The owners of CBS, NBC and Fox Tuesday asked a federal court to throw out new broadcast-ownership rules, claiming restrictions on speech that violate the First Amendment and run contrary to deregulatory provisions of a 1996 law passed by Congress.
The three networks called for greater ownership deregulation in a joint brief filed with the U.S. Court of Appeals for the Third Circuit in Philadelphia.
But consumer groups are fighting hard on the other side, arguing that the Federal Communications Commission caved into media conglomerates when it adopted rules in June that permit the networks to own more stations locally and nationally.

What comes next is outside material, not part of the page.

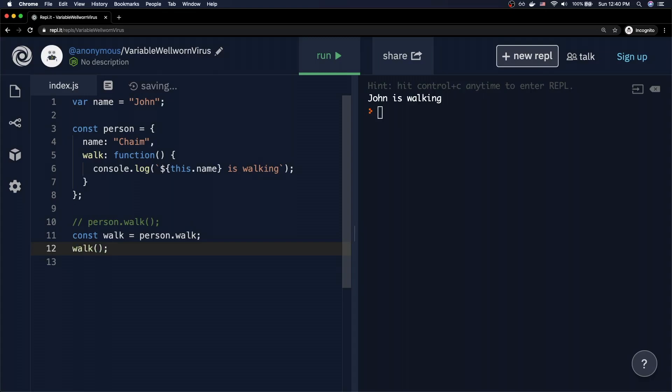When I make the change and call walk standalone out in the file, the call site no longer involves person, so 'this' no longer refers to the person object. Instead it refers to the global context — the file itself. Since within the global scope I have a var variable whose value is 'john', it outputs 'John is walking'.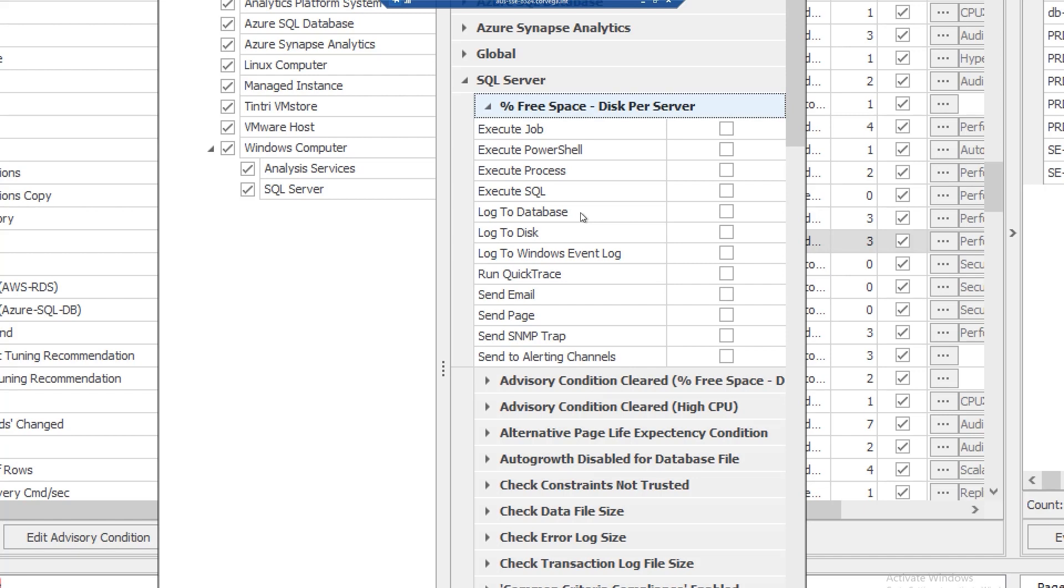or probably one of the most powerful, the execute PowerShell action that allows you to automate the execution of a PowerShell script based on any specified condition being detected. There are many options here that can allow you to pass these details on to other third-party systems.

In their brief, CBS, NBC and Fox took aim at a rule that limits the reach of their signals to 45% of all U.S. TV households. "In practical effect, the rule prohibits a firm from engaging in constitutionally protected speech to 55% of the potential national television audience," the networks said.
In addition to calling for elimination of the 45% cap, they urged judicial repeal of a rule that bars a company from owning more than one of the top-four-ranked TV stations in a local market.

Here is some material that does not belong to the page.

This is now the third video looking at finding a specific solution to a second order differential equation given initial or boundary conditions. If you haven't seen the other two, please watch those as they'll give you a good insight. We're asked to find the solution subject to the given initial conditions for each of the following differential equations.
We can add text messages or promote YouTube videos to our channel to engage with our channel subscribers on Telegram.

The FCC moved the national cap from 35% to 45%. The House and Senate have advanced spending bills calling for the restoration of 35%. Both CBS and Fox exceed 35%, currently operating near 40% under FCC waivers.
The Third Circuit has scheduled oral arguments for Feb. 11, with a decision expected later in the year. On Sept. 3, the court issued an order staying the FCC's new rules from taking effect during the period of judicial review.